| What to produce |
Please, could you print all the lines below exactly, leaving out the pictures?

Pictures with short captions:

|---|

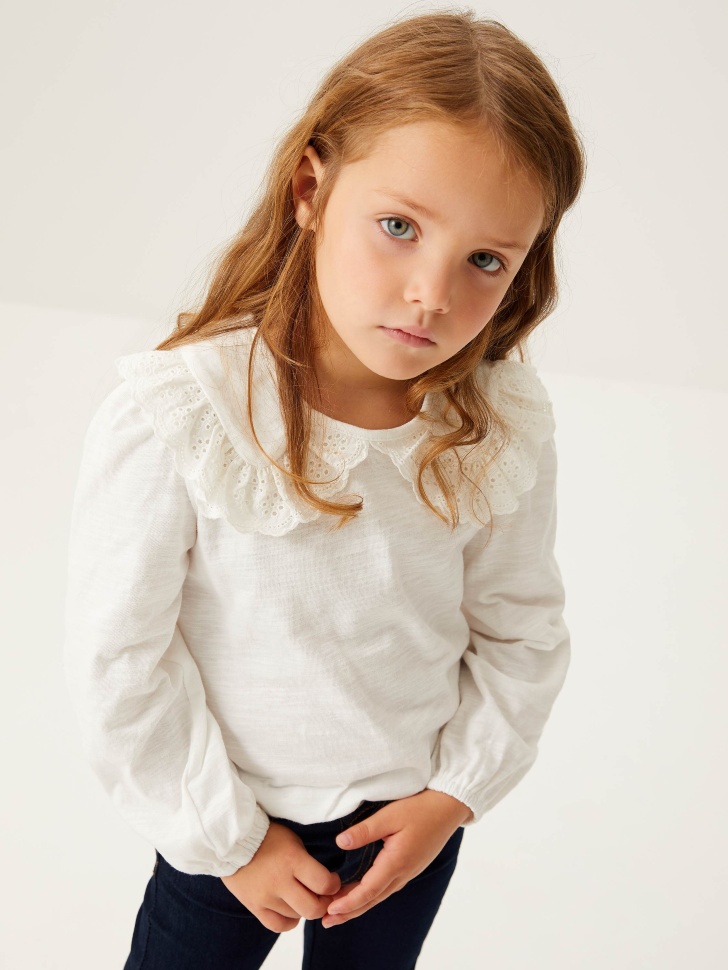 

Трикотажная блузка для девочек, Белый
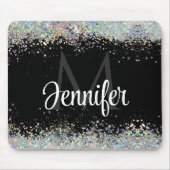 Funkelnd Holographic Gold Glitzer Monogram Black Mousepad (Vorne)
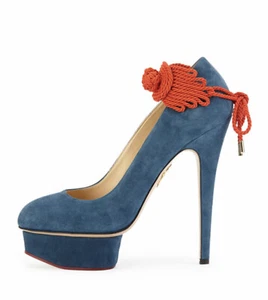 Charlotte Olympia Eternally Dolly Suede Platform Pump, Teal size 40 Retail $895 - Picture 1 of 11
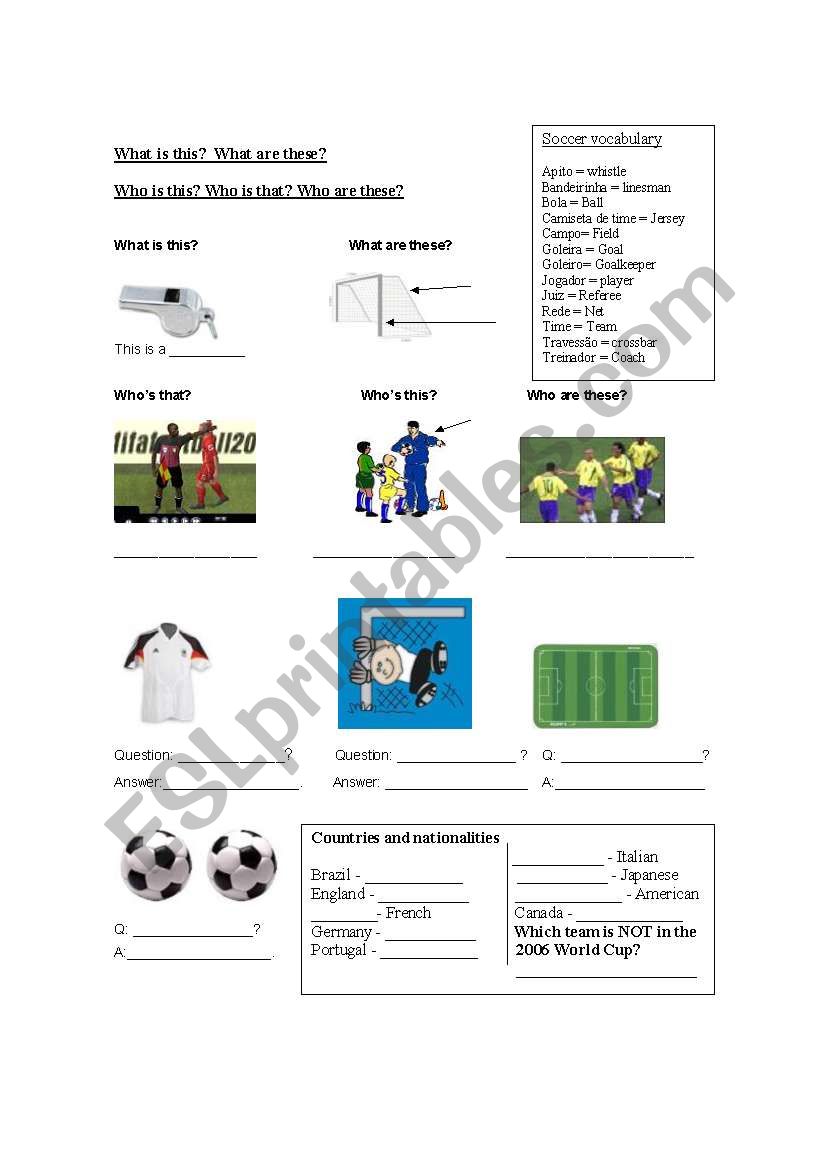 Soccer Vocab worksheet
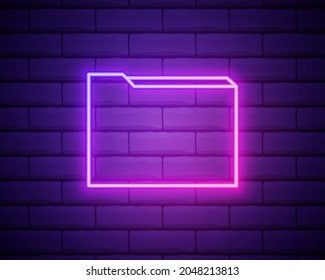 Folder with papers neon sign. Folder with documents glowing icon. Vector illustration for design. Office concept.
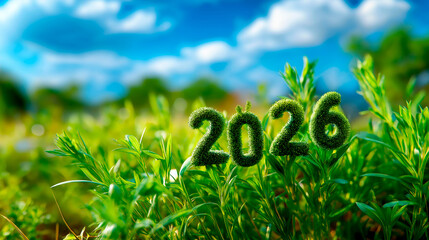 Annual digits 2026 on fresh vegetation field soft outdoor background happy new year number display green grass 3D visualization seasonal transition scene year celebration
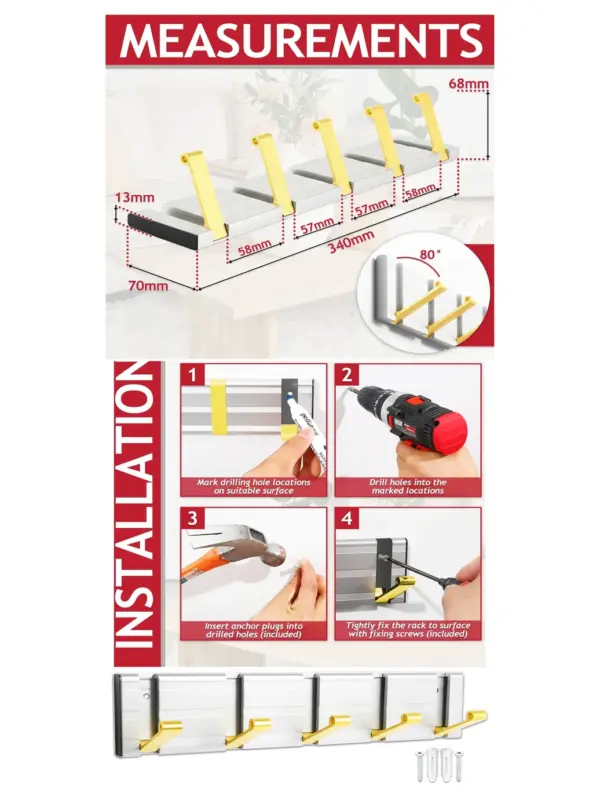 Wall Mounted Coat Rack - 5 Aluminum Hooks, Retractable Silver & Gold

|---|

| Expected output |
Трикотажная блузка для девочек, Белый
 Funkelnd Holographic Gold Glitzer Monogram Black Mousepad (Vorne)
 Charlotte Olympia Eternally Dolly Suede Platform Pump, Teal size 40 Retail $895 - Picture 1 of 11
 Soccer Vocab worksheet
 Folder with papers neon sign. Folder with documents glowing icon. Vector illustration for design. Office concept.
 Annual digits 2026 on fresh vegetation field soft outdoor background happy new year number display green grass 3D visualization seasonal transition scene year celebration
 Wall Mounted Coat Rack - 5 Aluminum Hooks, Retractable Silver & Gold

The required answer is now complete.